No meio do devastador coronavírus, temos casos onde os dois factores que mais têm contribuído para a alienação das cidades, o low-cost flying e as plataformas de aluguer a turistas, se encontram. Assim, em Amesterdão, onde a Booking.com se encontra sediada com 5500 empregados, esta plataforma, também perita em oportunismo fiscal, veio pedir dinheiro dos contribuintes, enquanto tinha investido 14 mil milhões de dólares em buybacks das próprias acções.

 

Enquanto isto, a Sibéria atinge os 38 graus centigrados e apresenta um aumento de cinco vezes do número de incêndios permanentes, com a ameaça directa e incalculável da libertação de gases como o metano, através do degelo do permafrost.

 

É totalmente insustentável e irresponsável continuarmos a imaginar que podemos continuar com este modelo de transporte aéreo de crescimento massificado e sem limites. As ajudas estatais devem ser acompanhadas de claras exigências ambientais: impostos sobre a querosene. Desenvolvimento de combustíveis “verdes” e técnicas alternativas. Limitação do número de voos. Limitação da expansão de aeroportos.

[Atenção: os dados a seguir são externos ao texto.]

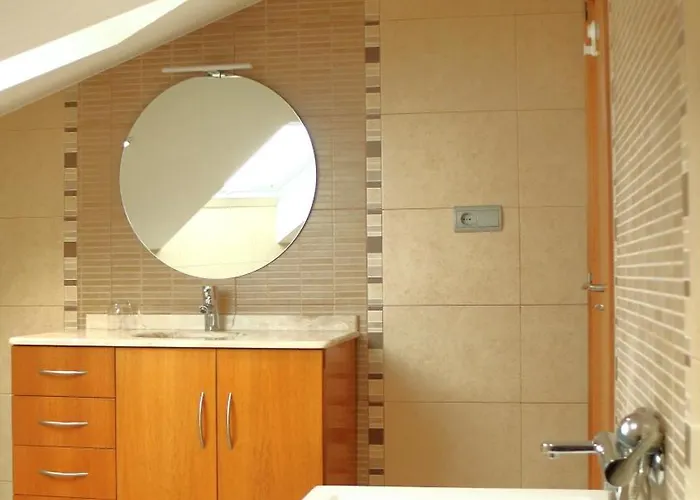 Apartament Casa Cambados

Taxas sobre utilizadores frequentes. Substituição dos voos domésticos e voos até 2 horas e meia de duração por bons serviços de transportes ferroviários a preços compatíveis. Fim de subsídios facilitadores de laxismo da consciência ambiental.

 

Ah! Andamos preocupados com a boa utilização dos fundos disponibilizados pela magnânima e generosa Merkel, num país devastado também pelas “pandemias” Novo Banco/ Mexia-EDP/PPP Rodoviárias, etc., enfim, um festim de compadrios – corrupção.

 

Pois chegou a altura de António Costa e o seu Governo fazerem um pouco de “trabalho de casa” para dar conteúdo à pedinchice, e pensarem estrategicamente o futuro do transporte ferroviário (que se encontra na Idade da Pedra) de passageiros no interior do país e respectivas ligações à Europa. Dando assim uma resposta esclarecedora às perguntas concretas e ansiedades expressas nos artigos sucessivos de Carlos Cipriano neste jornal, que só têm obtido o mais absoluto silêncio.